My better-half was consistently supportive, indeed even enabling of most of my wardrobing and shoe purchases, prior to our move to Florida. But alas, the painful downsizing of my closet contents and shoe/boot collections, required to facilitate the move and getting settled into the new digs, seems to have altered her perspectives on such purchases to a shocking degree. Today's purchases of a new pair of shoe/boots generally incite a spousal response of something like, "but you just gave away over fifty pair of shoes to Goodwill! What were/are you thinking?" LOL.


----------



## SG_67 (Mar 22, 2014)

^ what if you accidentally found yourself walking through sea water and ruined your shoes. 

Better yet, you and your wife are our one day, and you notice that there's a chunk of concrete broken off a curb. Being the civic minded individual you are and not wanting another to accidentally misstep and injure themselves, you try to reattach the missing chunk by using the heel of your shoe as a hammer. 

In your zeal to fix the problem, the heel becomes detached and flies off, landing on the edge of a storm drain and going in. 

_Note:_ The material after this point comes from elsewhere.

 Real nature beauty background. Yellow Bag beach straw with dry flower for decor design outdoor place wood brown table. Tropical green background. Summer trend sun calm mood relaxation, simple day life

I think such a situation calls for a new pair of shoes.


----------



## tda003 (Aug 16, 2009)

This may be apocryphal, but my friend said that the rain storm which drowned out his golf game also knocked out his power, killing his computer, sound system, TV, coffee maker etc. and that it happened while his cell phone battery needed charging. He said that as a result, he sat down and talked to his wife for several hours while waiting for the power to come back on. He says that she seems like a very nice person.


----------



## Mr. B. Scott Robinson (Jan 16, 2017)

^ Everyone looks better in low light. 

Cheers, 

BSR


----------